Rispetto allo scorso anno accademico emerge un notevole incremento delle tasse universitarie.

Mediamente l’aumento rispetto al 2011 è del +7%, pari ad un aggravio di 70,68 Euro.

Paradossalmente sono i redditi più bassi a subire i rincari maggiori.

Per la prima fascia, l’aumento è stato dell’11,3%, attestandosi invece al 10% per gli studenti che appartengono alla seconda fascia e al 2,8% per chi fa parte della terza. I costi per la penultima e per l’ultima fascia, infine, sono aumentati rispettivamente dell’1,1% e del 5,5%.

Aumenti che certamente non favoriscono la formazione dei giovani e che dimostrano la scarsa volontà di investire nel futuro del nostro Paese, già testimoniata dalla grave carenza di risorse per la ricerca e l’innovazione.

 

L’esito della ricerca ha dimostrato che, come già rilevato nei due Rapporti precedenti, ad imporre tasse particolarmente salate sono le Università del Nord Italia: rispetto alla media nazionale, costano l’8,40% in più se si prende in esame la fascia più bassa e addirittura il 30,42% in più considerando gli importi massimi.

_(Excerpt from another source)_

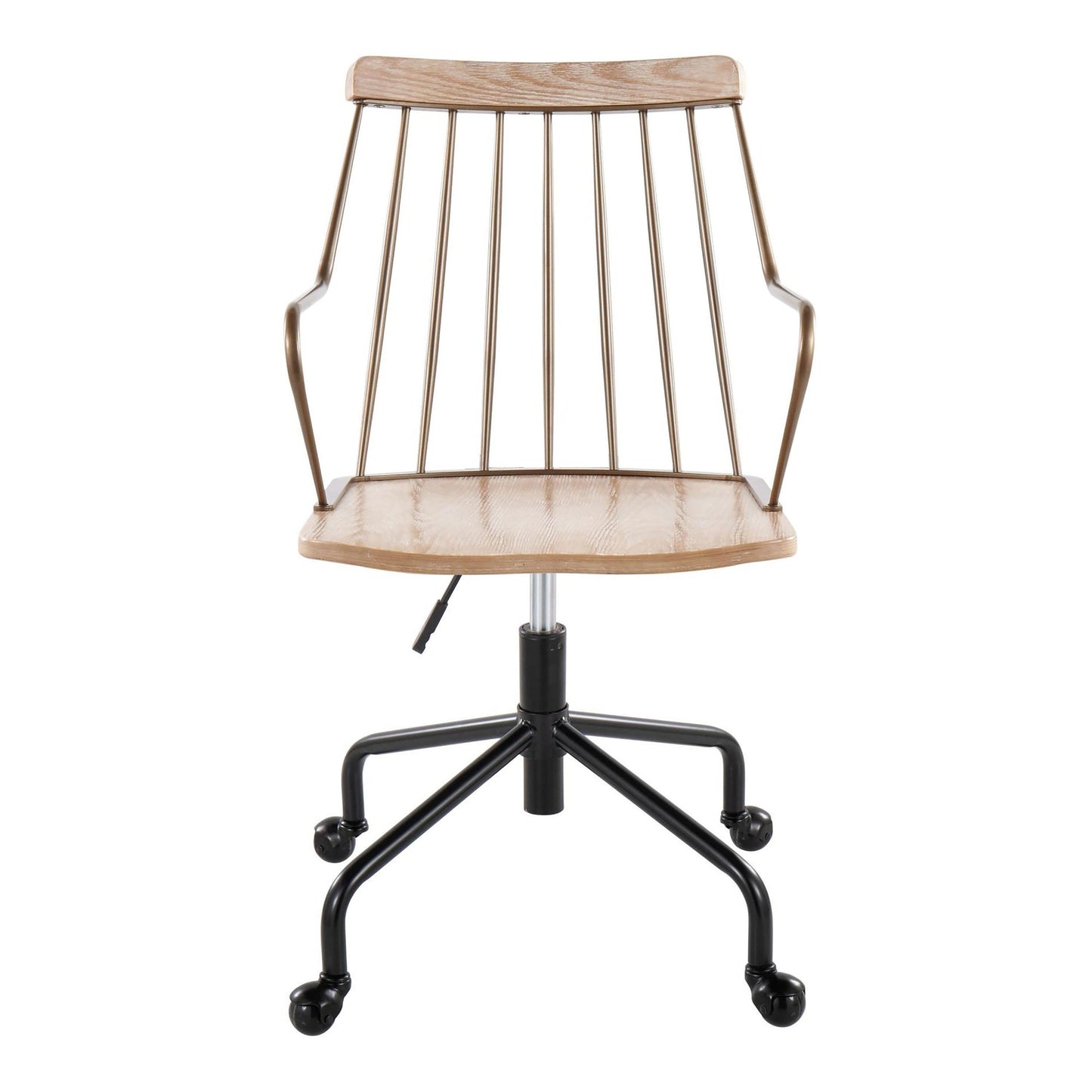 Majestic Office Furniture Farmhouse Adjustable Office Chair in Black Metal, Antique Copper and White Washed Wood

Da notare, inoltre, il corposo divario tra gli Atenei settentrionali e quelli meridionali: mediamente, questi ultimi richiedono spese inferiori del 16,7% per la prima fascia e del 44,3% per la fascia più alta.

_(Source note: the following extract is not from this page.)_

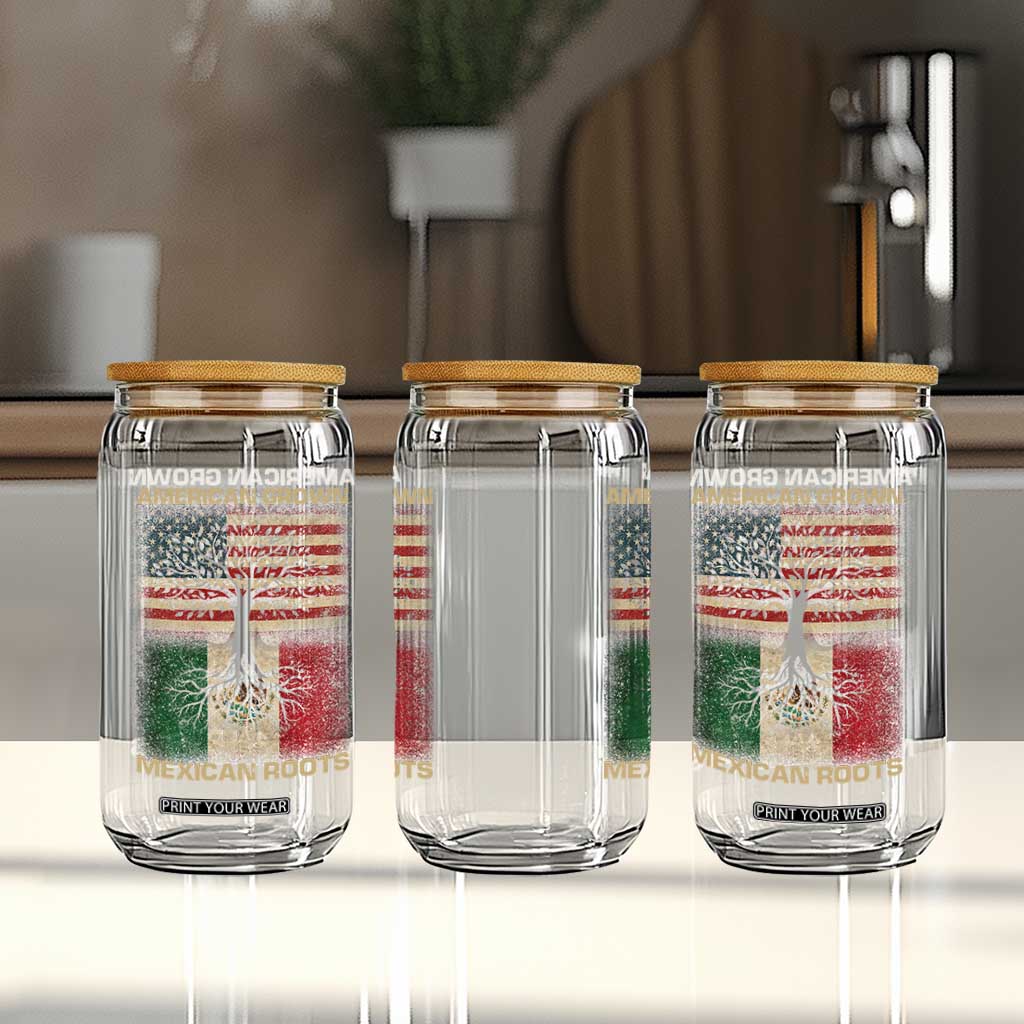American Grown Mexican Roots Glass Can Retro Mexico America Flag TS10 Print Your Wear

Il primato per la retta più cara va, ancora una volta, all’Università di Parma: per frequentarla, gli studenti devono pagare tasse annuali minime di 931,92 Euro per le Facoltà umanistiche e di 1047,74 Euro per quelle scientifiche.

 

Nell’analisi, infine, non si può non considerare la grave incidenza dell’evasione fiscale, poiché il calcolo delle tasse universitarie si basa sulla dichiarazione dei redditi.

Questo fenomeno, unito alla diminuzione degli investimenti destinati alla pubblica istruzione, sta facendo crescere progressivamente il numero di studenti che rientrano nelle fasce più basse, provocando quindi una diminuzione delle risorse da distribuire: ad essere penalizzati, quindi, saranno coloro i quali hanno davvero bisogno di usufruire dell’istruzione pubblica senza spendere una fortuna.

Sono infatti numerose le famiglie monoreddito di lavoratori autonomi – dai gioiellieri ai ristoratori – che rientrano nella seconda fascia ISEE/ISEEU considerata (reddito fino a 10.000 Euro) e che quindi pagano contributi relativamente bassi.

“In questo modo il figlio di un operaio specializzato finisce per pagare imposte superiori a quelle che vengono richieste al figlio di un orafo o di un pellicciaio.” – dichiara Rosario Trefiletti, Presidente Federconsumatori.